10/07/2017

O Brasil no Precipício?

Autor: João Batista Ericeira é professor universitário e sócio majoritário de João Batista Ericeira Advogados Associados

O economista Delfim Netto reúne currículo invejável, além da larga experiência na vida pública. Ocupou os ministérios da Fazenda, do Planejamento, da Agricultura, durante os governos do ciclo militar. Considerado um dos responsáveis pelo “milagre econômico” dos anos setenta do século passado, foi precedido por Roberto Campos e Gouvêa de Bulhões, a dupla condutora da austeridade do governo Castelo Branco, que preparou o terreno para os anos de crescimento que se seguiram, de Costa e Silva a Geisel. No governo deste último, ganhou o exilio dourado da embaixada do Brasil na França, por notórias divergências em relação à condução dos negócios nas pastas do Planejamento e da Fazenda durante o período.

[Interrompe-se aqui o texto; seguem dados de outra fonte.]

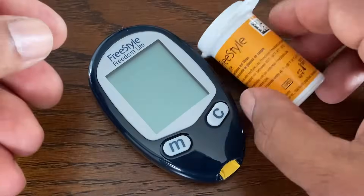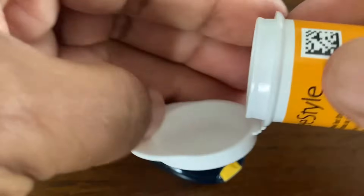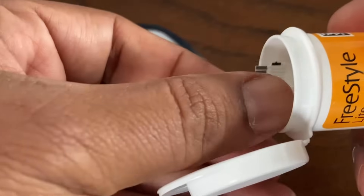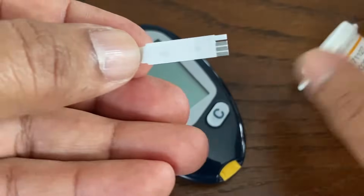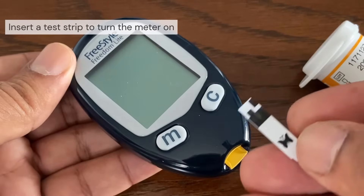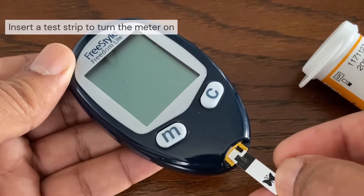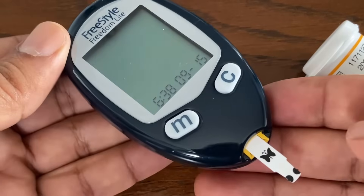Use Freestyle Light Test Strips. The test strips are for single use only. Do not open the test strip vial until you are ready to remove a test strip and perform a test. Use the test strip immediately after removing it from the vial. To turn the meter on, simply insert the test strip into the meter with the printed side of the test strip facing you.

De todos os títulos envergados, orgulha-se da condição de professor do Departamento de Economia da Universidade de São Paulo. Como homem de pensamento produziu trabalhos teóricos relevantes, sendo sempre consultado para prestar consultorias a órgãos públicos e privados. Aos 89 anos, às vésperas de ser nonagenário, pode dar-se ao luxo de falar sua verdade, nem sempre respeitada por pessoas das áreas da economia, da política, e afins. Dele diverge-se sem deixar de tributar-lhe o devido respeito pela inegável inteligência.

Pode-se até mesmo afirmar, como os bons vinhos, com o passar do tempo, ficam melhores os seus lampejos de lógica em um país em que sempre esta prevalece ao lado do bom senso. Vem sustentando que ao contrário do que pensam muitos, os recursos públicos são limitados e as demandas da população ilimitadas. Logo, qualquer discurso político minimamente sério deve levar esses dois polos da equação do orçamento do Estado.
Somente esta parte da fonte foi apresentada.